Group decision making has become increasingly important in the world of work for many reasons. One is that a greater proportion of jobs now involve cognitive work, so just as individual workers shifted from physical to cognitive work, so did groups. Another force promoting the use of groups is the effort to increase representation and participation in organizational and societal decision making. Decisions that might have once been dictated by an authority are now made by a group representing various levels and segments of the population. Much of the current group research occurs in the context of organizational theory and practice (Sanna and Parks 1997)

The growth in the practice of using groups for decision making has been accompanied by a similar growth in the study of cognition in groups. The benefits of this research extend to all groups because all groups, regardless of their purpose, are dependent on cognitive processes for functioning. Simply put, people must coordinate their individual processes of attention, reasoning, judgment, memory, etc. during interaction in order to achieve their common goal. Group decisions are essential to coordination, and occur at many points during interaction. A group must choose its goal and the nature of the process that will be used to achieve it, select information deemed relevant, and integrate information, beliefs, etc. to determine the group’s course of action.

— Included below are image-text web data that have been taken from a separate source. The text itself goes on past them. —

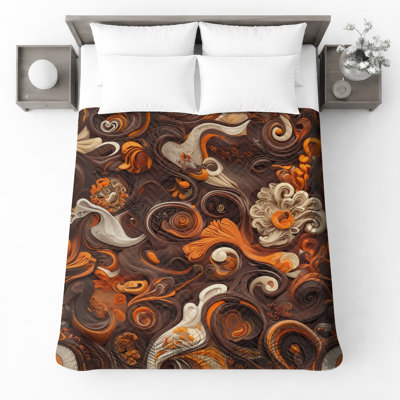  Orange Swirls Bedding Swirls Bedspread Abstract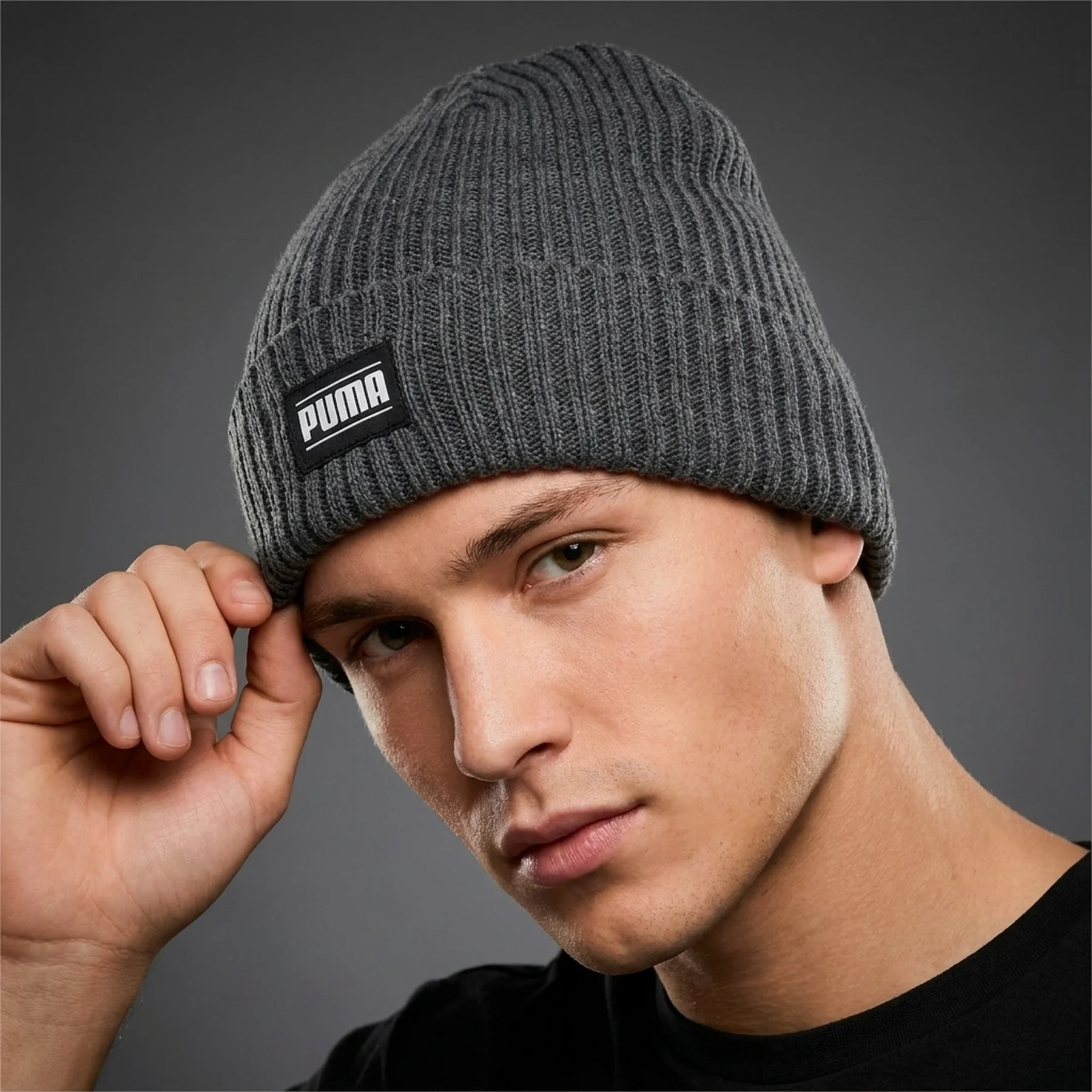 Puma Ribbed Classic Cuff Beanie Grey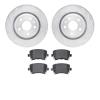 7302-73056 Drilled/Slotted Brake Rotor with 3000-Series Ceramic Brake Pads Kit [Silver], 2008-2015 Audi/Volkswagen, Position: Re - image 1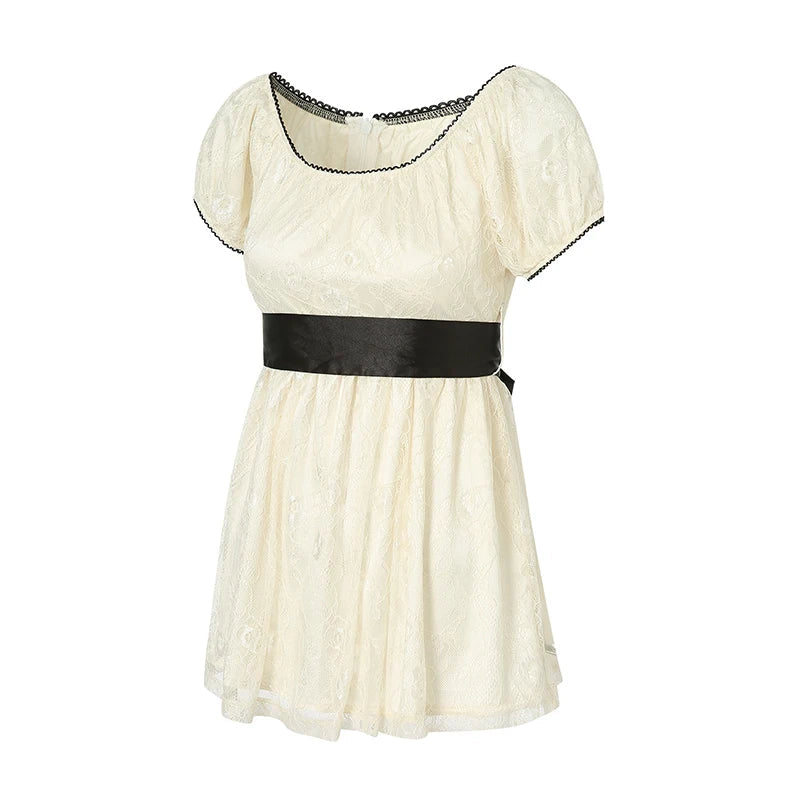 Xingqing 2024 Sweet Fairy Grunge Lace A Line Dresses Summer Women Patchwork Puff Sleeve Kawaii Dress 2000s Aesthetic Outfits SS69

The influence of ‘real-world’ practice is evident by the efforts at realism in modern group decision making research. Whereas early group research used games, trivial and ‘eureka’ decision problems, research tasks now capture such essential features of real decisions as the inability to know, with certainty, the quality of the decision at the time it is made. Motivational issues are taken more seriously by, for example, using incentives for making good decisions to reflect better the consequences facing persons in decision making groups. Other advances in group decision making research are the use of ongoing groups, and the study of interactions using technology (email, videoconferencing, etc.).

Part of the current scientific activity pertaining to cognitive processes in groups can be traced to the recent growth of cognitive psychology and the birth of social cognition (Fiske 1992), a subdiscipline of psychology devoted to the study of cognition about social objects. Advances in these areas, combined with the increased prevalence of groups engaged in decision-making tasks, led to the modern view of conceptualizing groups as information processors. As described by Hinsz et al. (1997), key leaders in this development, the information processing approach to groups emphasizes the social processing of information, thereby integrating the group decision making and social cognition research approaches. In the social information processing view, groups exchange ideas, information, resources, strategies, etc. in the service of a processing objective. Research is directed at understanding attention, encoding, processing, storage, retrieval, feedback, and response processes in groups. Although recent group research tends to be guided by an individual-level information processing model, group and individual level processing are not assumed to be identical, and a pervasive research agenda is to understand the qualitative and quantitative differences between individual and group processing.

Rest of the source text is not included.